▸ **WORK TASK**: With the pictures left out, please write out exactly each line from the one containing "GB eMMC, Charcoal" through the end of the material.

▸ **MATERIAL PROVIDED**:

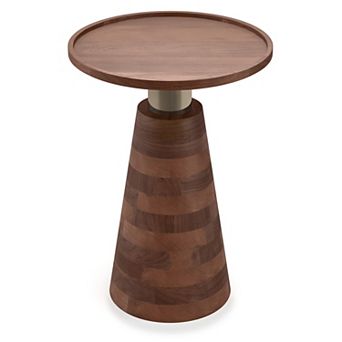 Simpli Home Kramer Solid Acacia Wood Side Table in Cognac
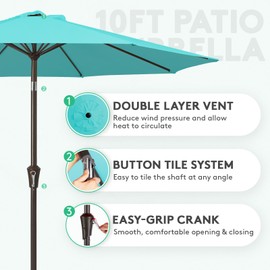 JEAREY 10FT Outdoor Patio Umbrella Outdoor Table Umbrella with Push Button Tilt and Crank, Market Umbrella 8 Sturdy Ribs UV Protection Waterproof for Pool, Garden (Turquoise)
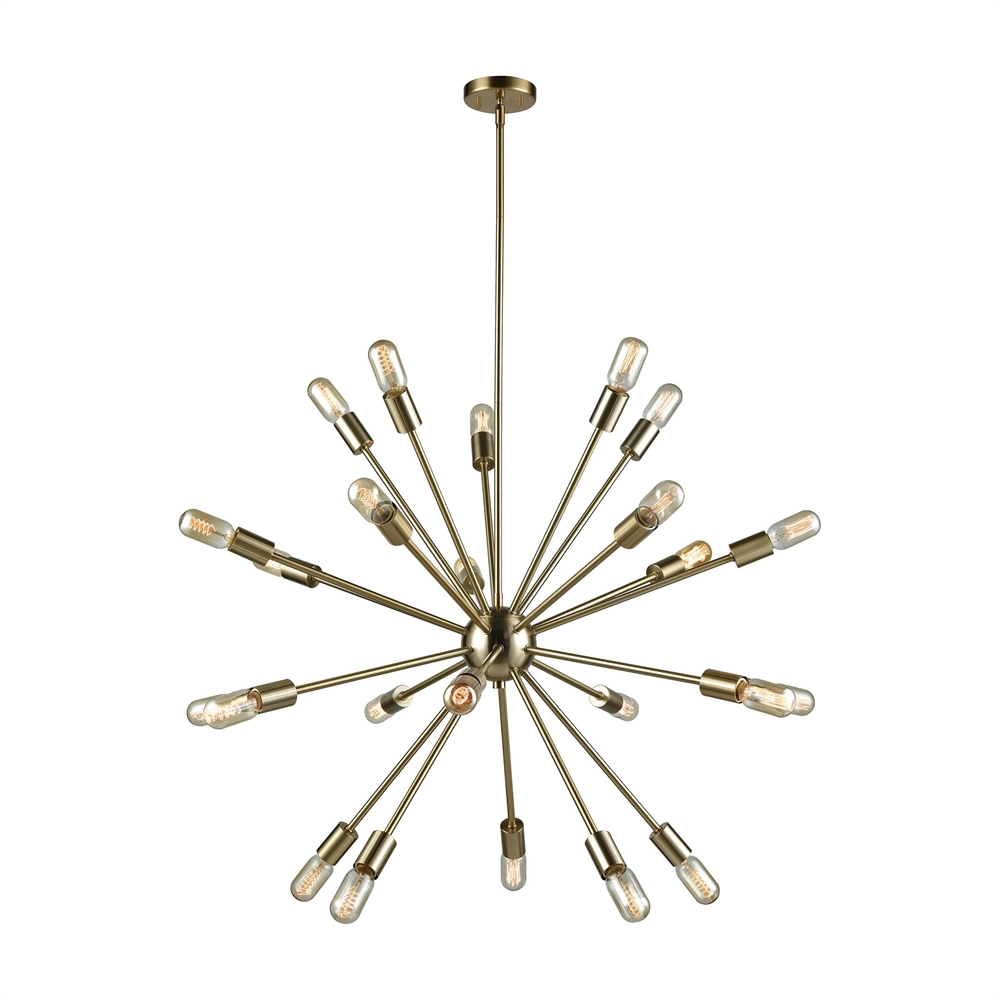 Delphine 24 Light Chandelier In Satin Brass. The main picture.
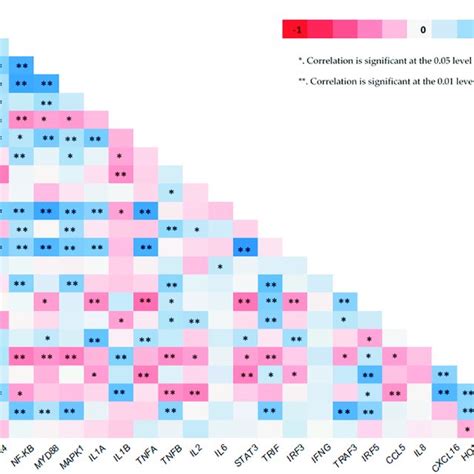 Pearsons Heat Map Correlations Between The Expression Level Of Several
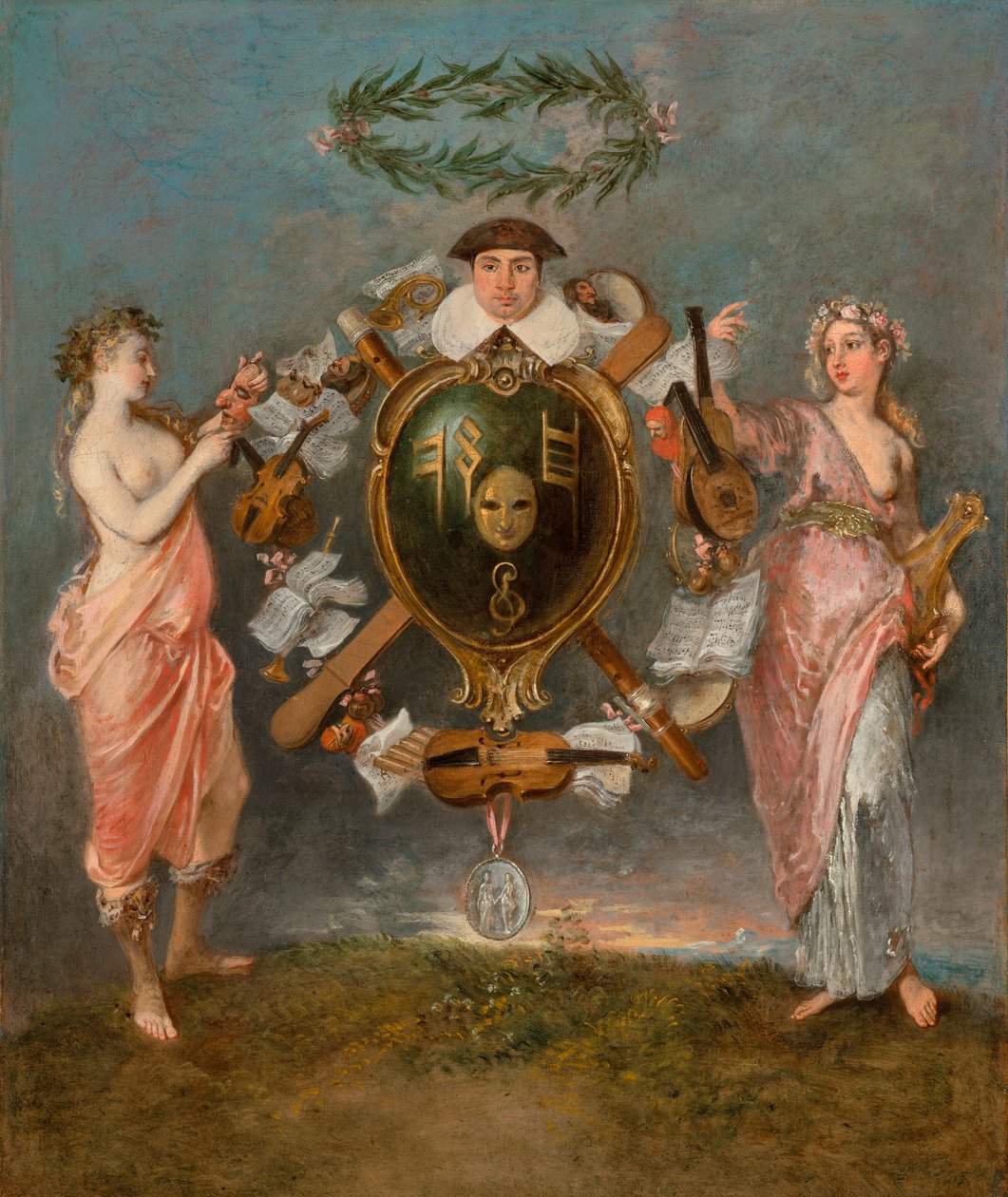 Alliansen mellan musik och komedi av Jean Antoine Watteau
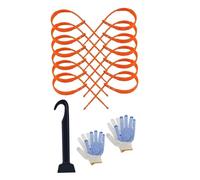 JicSuXi 12-Pack Universal Emergency Tire Chains, Anti-Slip, Mudguard, Snowy Road Survival Traction, Portable Accessory for Trucks And SUVs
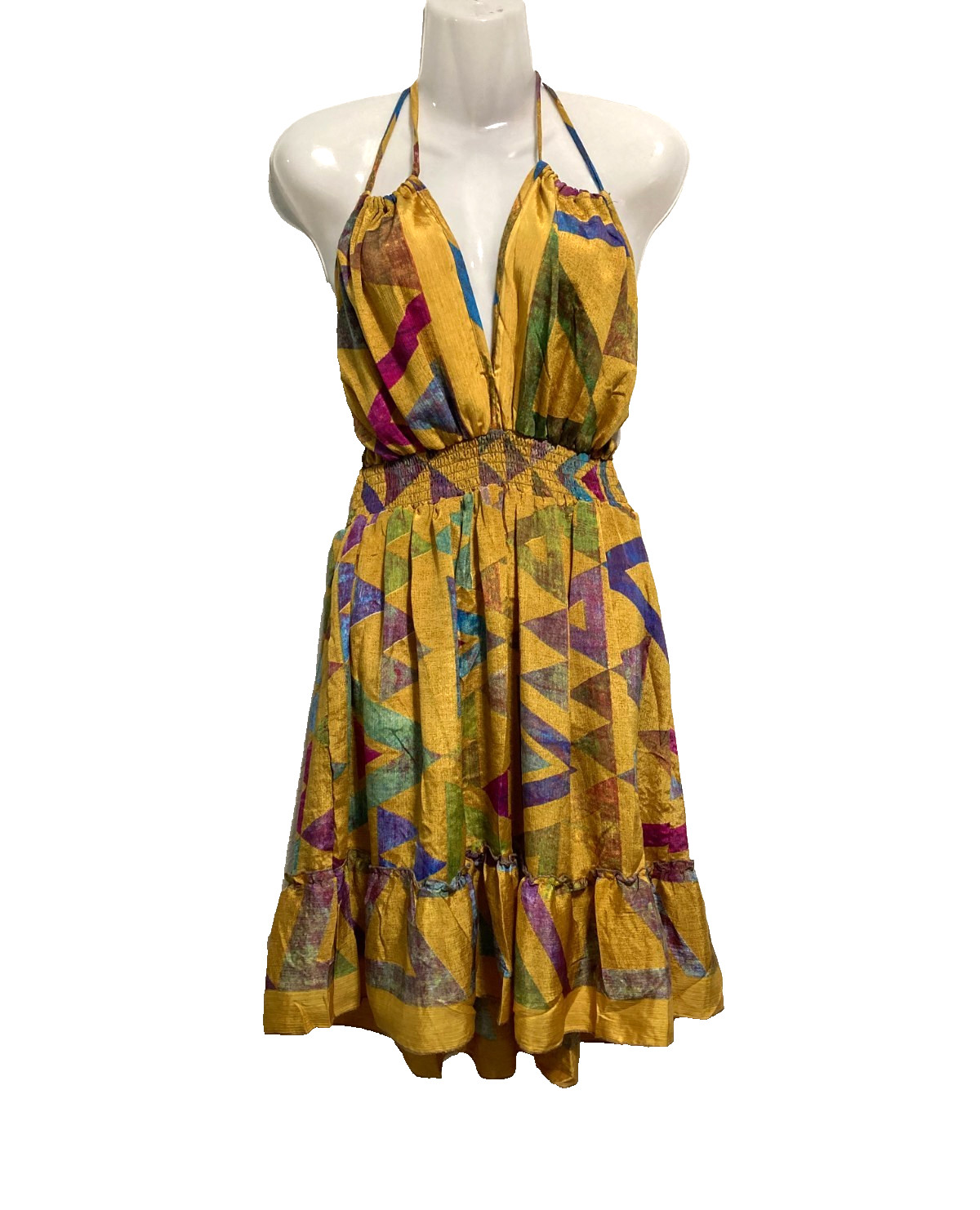 MT Collection Silk Blend Halter Dress Tassels Vibrant Festival Beach One Size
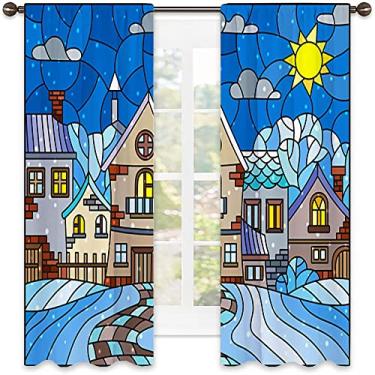 Imagem de Cortina abstrata com isolamento térmico, imagem geométrica colorida fractal, tecido impermeável, cortinas blackout com absorção de som para decoração de sala de jantar/festa, L 132 x C 239 cm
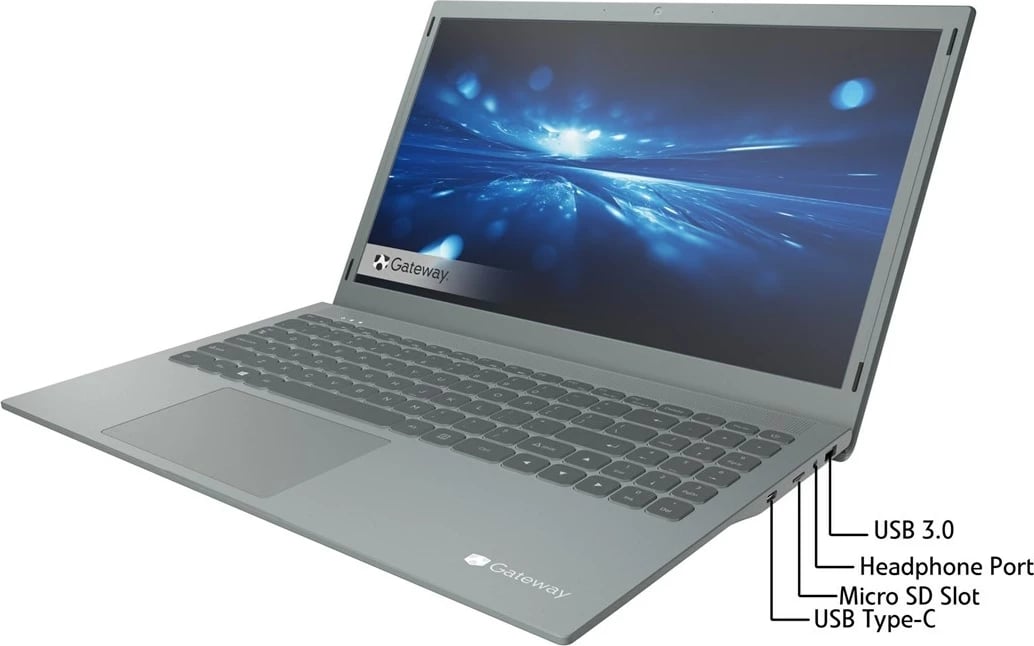 Laptop Gateway GWTN156-11BK, 15.6", Intel Pentium Silver N5030, 4 GB RAM, 256 GB eMMC, Charcoal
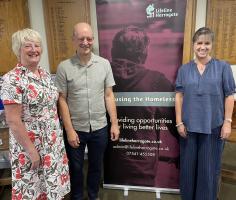 Knaresborough Rotary President Deborah Wilson (left) with Carl and Georgie Good.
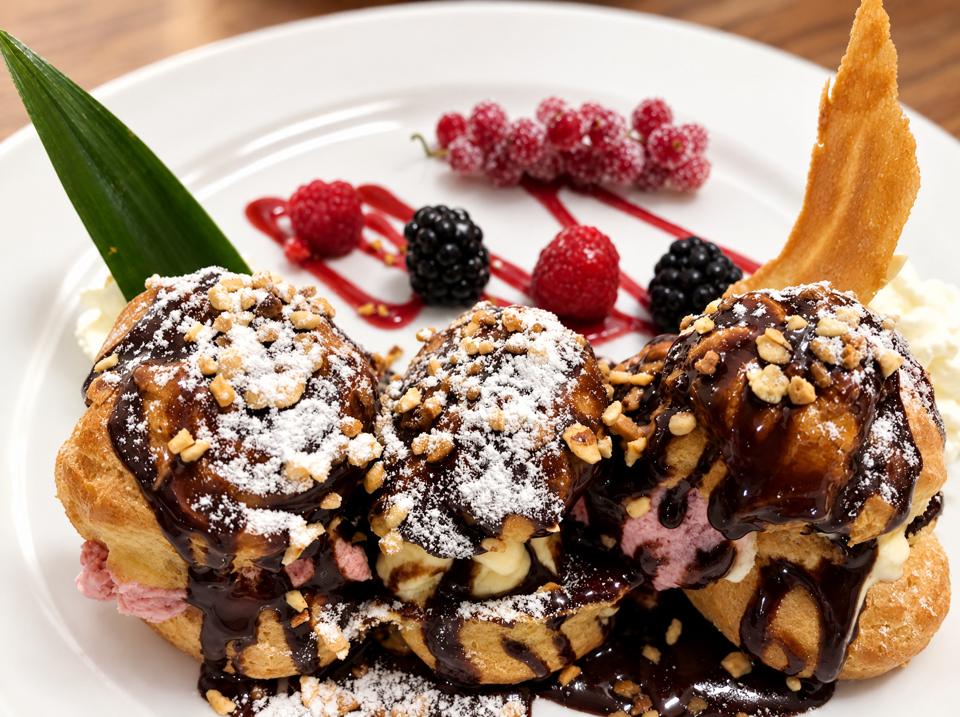 Profiteroles mit Schokolade und roten Beeren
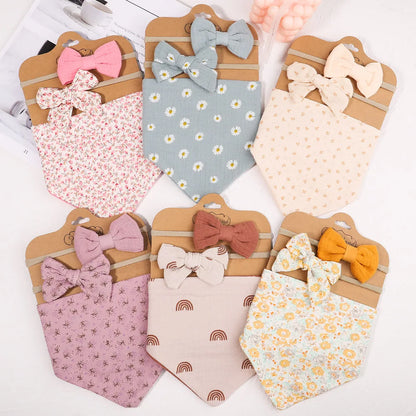 3Pcs/Set Muslin Cotton Print Bib Newborn Bows Headband Triangle Saliva Towel Infant Boy Girl Feeding Burp Baby Hair Accessories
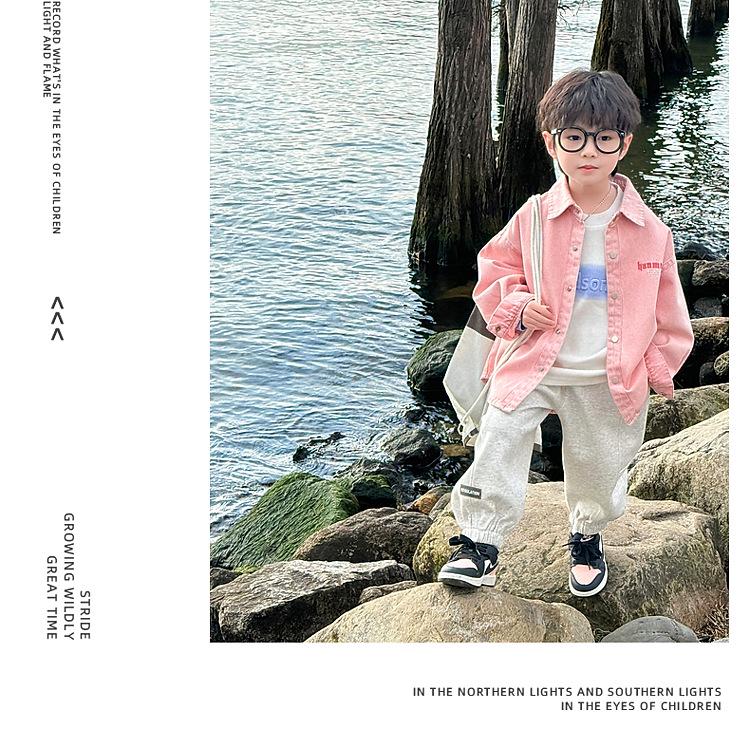 2025 Boys' Denim Jacket - Korean Style, Spring/Autumn, Casual, Thin, Fashionable Top for Kids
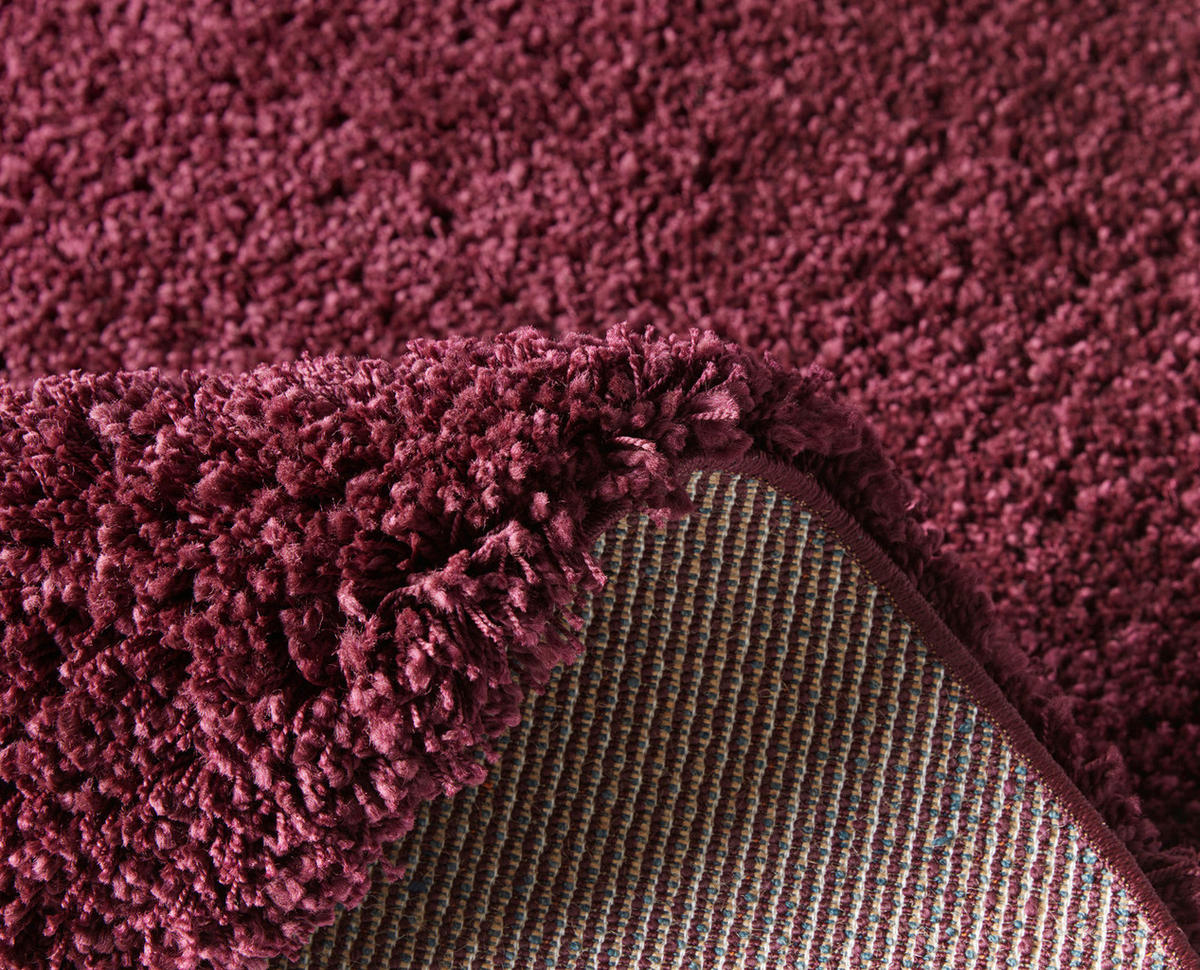 HOCHFLORTEPPICH 160 cm Bordeaux rund  - Bordeaux, Basics, Textil (160cm) - Novel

▸ **ANSWER TO THE PROBLEM**:
 Laptop Gateway GWTN156-11BK, 15.6", Intel Pentium Silver N5030, 4 GB RAM, 256 GB eMMC, Charcoal
 Knaresborough Rotary President Deborah Wilson (left) with Carl and Georgie Good.
 Profiteroles mit Schokolade und roten Beeren
 3Pcs/Set Muslin Cotton Print Bib Newborn Bows Headband Triangle Saliva Towel Infant Boy Girl Feeding Burp Baby Hair Accessories
 2025 Boys' Denim Jacket - Korean Style, Spring/Autumn, Casual, Thin, Fashionable Top for Kids
 HOCHFLORTEPPICH 160 cm Bordeaux rund  - Bordeaux, Basics, Textil (160cm) - Novel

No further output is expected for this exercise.